**Exercise**
I need the lines from the one with "Steam-Powered Owl in Victorian Library" through the end of the material, copied exactly and with nothing else included.

##### Entries provided #####

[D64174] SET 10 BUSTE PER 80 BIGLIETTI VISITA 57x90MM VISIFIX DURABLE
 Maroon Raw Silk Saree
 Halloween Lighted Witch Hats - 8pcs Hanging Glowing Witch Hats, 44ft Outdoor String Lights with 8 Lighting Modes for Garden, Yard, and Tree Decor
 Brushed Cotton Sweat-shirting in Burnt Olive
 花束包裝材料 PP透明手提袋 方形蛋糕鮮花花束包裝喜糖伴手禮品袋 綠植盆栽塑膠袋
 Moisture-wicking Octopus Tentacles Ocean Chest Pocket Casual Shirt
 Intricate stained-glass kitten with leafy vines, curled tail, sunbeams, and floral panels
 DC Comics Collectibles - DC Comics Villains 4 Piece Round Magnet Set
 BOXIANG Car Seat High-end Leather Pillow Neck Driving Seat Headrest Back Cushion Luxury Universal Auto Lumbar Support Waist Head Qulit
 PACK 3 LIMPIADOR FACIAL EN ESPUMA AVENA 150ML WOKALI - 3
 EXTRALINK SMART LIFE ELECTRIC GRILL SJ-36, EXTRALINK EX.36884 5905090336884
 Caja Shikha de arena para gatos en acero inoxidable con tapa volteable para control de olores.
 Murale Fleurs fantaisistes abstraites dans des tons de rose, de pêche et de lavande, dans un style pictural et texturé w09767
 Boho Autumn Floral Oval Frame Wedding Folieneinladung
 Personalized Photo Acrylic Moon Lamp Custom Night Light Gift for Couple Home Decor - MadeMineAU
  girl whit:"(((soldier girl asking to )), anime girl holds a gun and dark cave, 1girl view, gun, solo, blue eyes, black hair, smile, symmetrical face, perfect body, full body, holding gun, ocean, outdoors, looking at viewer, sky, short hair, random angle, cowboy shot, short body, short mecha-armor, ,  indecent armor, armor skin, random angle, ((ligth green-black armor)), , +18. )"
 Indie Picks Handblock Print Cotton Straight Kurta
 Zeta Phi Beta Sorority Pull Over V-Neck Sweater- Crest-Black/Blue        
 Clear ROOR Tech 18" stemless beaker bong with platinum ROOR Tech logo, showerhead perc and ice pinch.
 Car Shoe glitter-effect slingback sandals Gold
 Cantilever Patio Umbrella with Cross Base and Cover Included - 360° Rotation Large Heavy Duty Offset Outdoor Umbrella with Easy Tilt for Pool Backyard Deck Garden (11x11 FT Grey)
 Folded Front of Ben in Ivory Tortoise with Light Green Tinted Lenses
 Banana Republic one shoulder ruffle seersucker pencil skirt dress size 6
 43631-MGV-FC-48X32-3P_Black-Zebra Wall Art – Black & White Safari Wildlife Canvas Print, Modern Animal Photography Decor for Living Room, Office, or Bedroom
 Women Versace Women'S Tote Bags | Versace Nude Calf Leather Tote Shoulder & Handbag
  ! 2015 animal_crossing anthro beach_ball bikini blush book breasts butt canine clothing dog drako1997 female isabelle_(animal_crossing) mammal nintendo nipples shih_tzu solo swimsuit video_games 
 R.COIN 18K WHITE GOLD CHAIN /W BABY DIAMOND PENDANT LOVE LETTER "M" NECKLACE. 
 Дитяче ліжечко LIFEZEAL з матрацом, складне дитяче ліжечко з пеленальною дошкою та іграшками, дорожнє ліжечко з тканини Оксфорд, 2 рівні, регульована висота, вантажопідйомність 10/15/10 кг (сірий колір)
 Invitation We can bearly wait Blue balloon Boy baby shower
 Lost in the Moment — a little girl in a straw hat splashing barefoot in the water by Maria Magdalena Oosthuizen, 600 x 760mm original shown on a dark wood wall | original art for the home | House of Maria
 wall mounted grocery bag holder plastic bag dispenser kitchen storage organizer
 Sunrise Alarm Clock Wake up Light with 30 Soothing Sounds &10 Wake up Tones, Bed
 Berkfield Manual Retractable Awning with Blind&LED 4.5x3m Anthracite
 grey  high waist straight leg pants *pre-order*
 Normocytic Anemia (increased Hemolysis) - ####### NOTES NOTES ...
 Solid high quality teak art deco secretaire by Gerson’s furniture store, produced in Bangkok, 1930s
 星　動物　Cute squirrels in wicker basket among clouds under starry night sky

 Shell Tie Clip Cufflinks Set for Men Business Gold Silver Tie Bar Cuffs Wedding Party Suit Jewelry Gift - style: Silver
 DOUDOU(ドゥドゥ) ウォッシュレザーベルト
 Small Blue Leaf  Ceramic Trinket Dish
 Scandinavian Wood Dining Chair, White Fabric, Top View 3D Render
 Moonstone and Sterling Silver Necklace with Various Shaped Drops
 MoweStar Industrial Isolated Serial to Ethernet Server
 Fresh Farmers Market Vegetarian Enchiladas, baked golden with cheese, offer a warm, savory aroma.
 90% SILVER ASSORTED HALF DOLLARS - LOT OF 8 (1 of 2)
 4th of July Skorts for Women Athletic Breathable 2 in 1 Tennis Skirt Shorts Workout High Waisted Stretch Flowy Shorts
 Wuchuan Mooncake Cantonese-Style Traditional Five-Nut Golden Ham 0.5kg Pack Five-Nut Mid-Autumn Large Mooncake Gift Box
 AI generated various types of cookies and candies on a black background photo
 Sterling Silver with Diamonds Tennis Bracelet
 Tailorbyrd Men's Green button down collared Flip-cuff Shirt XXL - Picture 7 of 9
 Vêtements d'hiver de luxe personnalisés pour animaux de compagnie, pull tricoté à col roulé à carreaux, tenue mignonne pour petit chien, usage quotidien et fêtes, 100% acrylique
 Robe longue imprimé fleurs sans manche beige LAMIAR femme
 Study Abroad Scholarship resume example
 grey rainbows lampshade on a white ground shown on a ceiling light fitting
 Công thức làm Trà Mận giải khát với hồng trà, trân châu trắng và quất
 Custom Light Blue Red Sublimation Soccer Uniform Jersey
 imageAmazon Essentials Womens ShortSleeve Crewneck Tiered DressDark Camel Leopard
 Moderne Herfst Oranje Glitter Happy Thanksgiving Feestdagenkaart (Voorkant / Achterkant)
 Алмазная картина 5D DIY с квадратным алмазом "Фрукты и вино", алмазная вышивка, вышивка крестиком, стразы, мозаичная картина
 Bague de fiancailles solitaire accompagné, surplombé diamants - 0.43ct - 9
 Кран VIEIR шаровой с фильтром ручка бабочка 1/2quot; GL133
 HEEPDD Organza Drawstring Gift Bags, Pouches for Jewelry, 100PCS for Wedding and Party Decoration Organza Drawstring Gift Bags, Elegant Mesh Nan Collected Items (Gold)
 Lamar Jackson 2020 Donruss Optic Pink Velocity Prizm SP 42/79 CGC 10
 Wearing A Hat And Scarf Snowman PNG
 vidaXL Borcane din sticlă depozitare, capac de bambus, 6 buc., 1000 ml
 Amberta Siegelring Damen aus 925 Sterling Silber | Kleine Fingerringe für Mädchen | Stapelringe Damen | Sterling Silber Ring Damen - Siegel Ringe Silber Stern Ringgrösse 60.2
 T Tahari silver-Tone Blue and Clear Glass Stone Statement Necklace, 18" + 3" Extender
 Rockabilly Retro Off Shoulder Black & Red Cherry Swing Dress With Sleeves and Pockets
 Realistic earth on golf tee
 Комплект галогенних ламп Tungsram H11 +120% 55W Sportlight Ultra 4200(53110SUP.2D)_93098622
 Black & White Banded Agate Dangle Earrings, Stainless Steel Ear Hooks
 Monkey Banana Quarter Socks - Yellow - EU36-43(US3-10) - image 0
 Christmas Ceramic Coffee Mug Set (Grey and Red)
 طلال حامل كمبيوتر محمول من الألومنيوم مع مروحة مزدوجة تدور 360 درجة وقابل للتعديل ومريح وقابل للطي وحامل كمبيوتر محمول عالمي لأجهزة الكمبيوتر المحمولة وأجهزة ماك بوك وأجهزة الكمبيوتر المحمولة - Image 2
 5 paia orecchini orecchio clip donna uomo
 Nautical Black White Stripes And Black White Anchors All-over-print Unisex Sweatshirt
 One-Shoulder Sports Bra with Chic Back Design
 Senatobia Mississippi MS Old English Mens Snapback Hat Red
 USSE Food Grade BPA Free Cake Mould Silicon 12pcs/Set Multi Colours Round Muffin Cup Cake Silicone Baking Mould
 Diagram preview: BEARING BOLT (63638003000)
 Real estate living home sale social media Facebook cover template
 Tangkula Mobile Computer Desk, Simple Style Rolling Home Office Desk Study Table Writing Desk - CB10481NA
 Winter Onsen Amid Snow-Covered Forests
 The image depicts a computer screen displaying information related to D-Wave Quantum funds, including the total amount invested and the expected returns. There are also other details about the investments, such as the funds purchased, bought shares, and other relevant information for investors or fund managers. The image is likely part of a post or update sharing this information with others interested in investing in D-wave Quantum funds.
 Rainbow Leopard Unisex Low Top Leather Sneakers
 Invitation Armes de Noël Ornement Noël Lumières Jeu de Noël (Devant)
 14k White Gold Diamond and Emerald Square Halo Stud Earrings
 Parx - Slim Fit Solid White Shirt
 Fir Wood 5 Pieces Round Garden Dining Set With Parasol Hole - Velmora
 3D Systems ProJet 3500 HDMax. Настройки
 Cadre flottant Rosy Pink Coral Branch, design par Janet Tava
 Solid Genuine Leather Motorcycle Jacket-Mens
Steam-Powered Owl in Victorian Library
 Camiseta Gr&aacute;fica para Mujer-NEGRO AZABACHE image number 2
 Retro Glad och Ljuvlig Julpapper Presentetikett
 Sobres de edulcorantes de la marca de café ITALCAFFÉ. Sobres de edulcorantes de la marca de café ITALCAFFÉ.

#####

**Response to this exercise**
Steam-Powered Owl in Victorian Library
 Camiseta Gr&aacute;fica para Mujer-NEGRO AZABACHE image number 2
 Retro Glad och Ljuvlig Julpapper Presentetikett
 Sobres de edulcorantes de la marca de café ITALCAFFÉ. Sobres de edulcorantes de la marca de café ITALCAFFÉ.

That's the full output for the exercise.